Darüber hinaus können spezifische Verhaltensregeln an die Betroffenen weitergegeben werden, insbesondere an diejenigen, die als Meldestellen für Sicherheitsvorfälle fungieren und die ersten Entscheidungen fällen bzw. die ersten Maßnahmen ergreifen sollen. Dazu gehören die IT-Administratoren, die IT-Anwendungsverantwortlichen und das IT-Sicherheitsmanagement.
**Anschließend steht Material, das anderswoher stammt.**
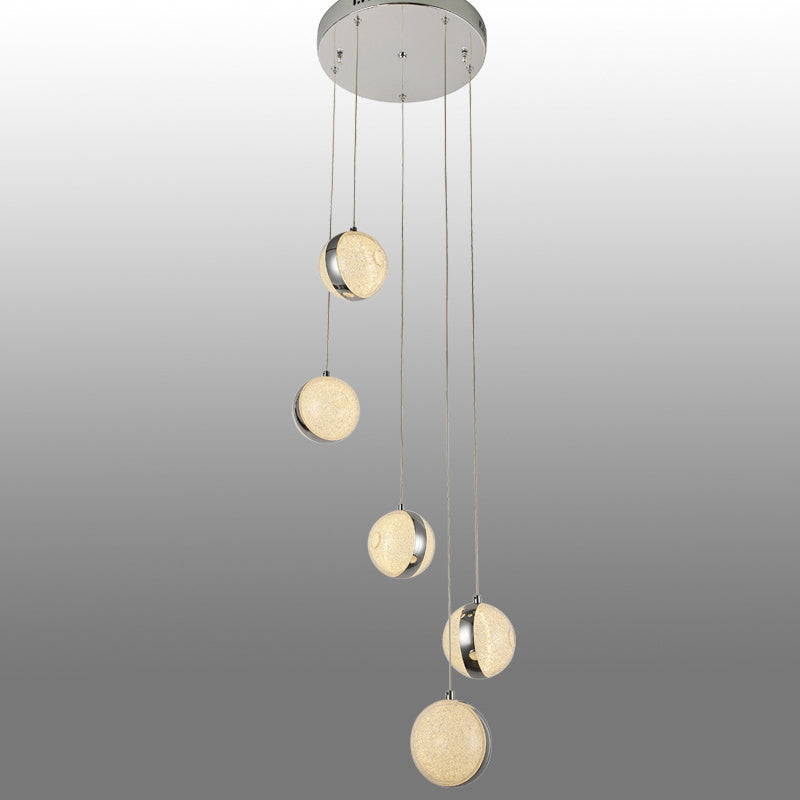 Chrome Finish Cluster Ball Pendant Minimalistisch Crystal LED Suspension Light voor het diner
Zu diesen Verhaltensregeln zählen die in den folgenden Maßnahmen beschriebenen:
- M 6.23 Verhaltensregeln bei Auftreten eines Computer-Virus,
- M 6.31 Verhaltensregeln nach Verlust der Systemintegrität
- M 6.48 Verhaltensregeln nach Verlust der Datenbankintegrität
- M 6.54 Verhaltensregeln nach Verlust der Netzintegrität
Neben der Festlegung der Verhaltensregeln sind auch die Meldewege zu definieren. Hier bietet sich folgendes Muster an:
- Bei Gefährdungen höherer Gewalt wie Feuer, Wasser, Stromausfall, Einbruch und Diebstahl sind die örtlich verfügbaren Einsatzkräfte zu unterrichten (Feuerwehr, Haustechnik, Pforte, Wachdienst, ...).
- Bei hardware-technischen Problemen oder bei Unregelmäßigkeiten bei Betrieb der IT-Systeme ist der zuständige IT-Administrator zu benachrichtigen.
- Bei vermuteten vorsätzlichen Handlungen und bei ansonsten nicht zuzuordnenden Ereignissen (z. B. Datenmanipulationen, unerlaubter Ausübung von Rechten, Spionage- und Sabotageverdacht) ist der IT-Sicherheitsbeauftragte bzw. das IT-Sicherheitsmanagement zu benachrichtigen.
Wichtig ist hier insbesondere, dass allen Mitarbeitern die Ansprechpartner und die Meldewege für alle Arten von Sicherheitsvorfällen bekannt sind. Hierzu könnte z. B. im internen Telefonverzeichnis oder im Intranet eine Liste mit Namen, Telefonnummern und E-Mailadressen der jeweiligen Ansprechpartner enthalten sein. Es darf jedoch weder schwierig noch zeitaufwendig sein, Verdachtsfälle weiterzumelden. Dafür müssen schnelle und sichere Kommunikationsverbindungen bereitstehen. Die Authentizität des Kommunikationspartners und die Vertraulichkeit der über den Verdachtsfall gemeldeten Informationen ist sicherzustellen.
Es sollten auch alle Mitarbeiter darüber informiert sein, dass Auskünfte über den Sicherheitsvorfall gegenüber Dritten nur über das IT-Sicherheitsmanagement erfolgen dürfen (siehe M 6.65 Benachrichtigung betroffener Stellen).
Durch Übungen sollte auch sporadisch überprüft werden, ob die Verhaltensregeln für Sicherheitsvorfälle angemessen und durchführbar sind und ob sie allen Mitarbeitern bekannt sind (siehe auch M 6.68 Effizienzprüfung des Managementsystems zur Behandlung von Sicherheitsvorfällen).
Besonders bei Sicherheitsvorfällen zeigt es sich immer wieder, wie wichtig ein gutes Betriebsklima und eine gesunde Kommunikationskultur sind, damit Sicherheitsvorfälle auch umgehend weitergemeldet und offen angegangen werden (siehe auch M 3.8 Vermeidung von Störungen des Betriebsklimas).
Ein Beispiel, wie die Verhaltensregeln und der Meldeplan jedem betroffenen Mitarbeiter bekanntgegeben werden können, ist ein von der Behörden- bzw. Unternehmensleitung unterzeichnetes Informationsblatt, auf dem die wichtigsten Informationen zusammengefasst sind und das am Arbeitsplatz und ergänzend im Intranet vorgehalten werden kann. Ein Beispiel für ein solches Informationsblatt findet sich unter den Hilfsmitteln zum IT-Grundschutz. Damit die Information im Ernstfall auch tatsächlich verfügbar ist, ist es nicht sinnvoll, diese nur in elektronischer Form zu verbreiten, da dann auch genau diese Information vom Sicherheitsvorfall betroffen sein könnte.
Alle Informationsblätter zu potentiellen Sicherheitsvorfällen müssen bei jeder relevanten Änderung in der Organisation sofort aktualisiert werden, damit die dort beschriebenen Verhaltensregeln noch greifen und die Meldewege korrekt sind.
Ergänzende Kontrollfragen:
- Gibt es klar definierte Verhaltensregeln für die verschiedenen Arten von Sicherheitsvorfällen?
- Sind diese allen Mitarbeitern bekannt?
- Wann wurde diese Information letztmalig aktualisiert?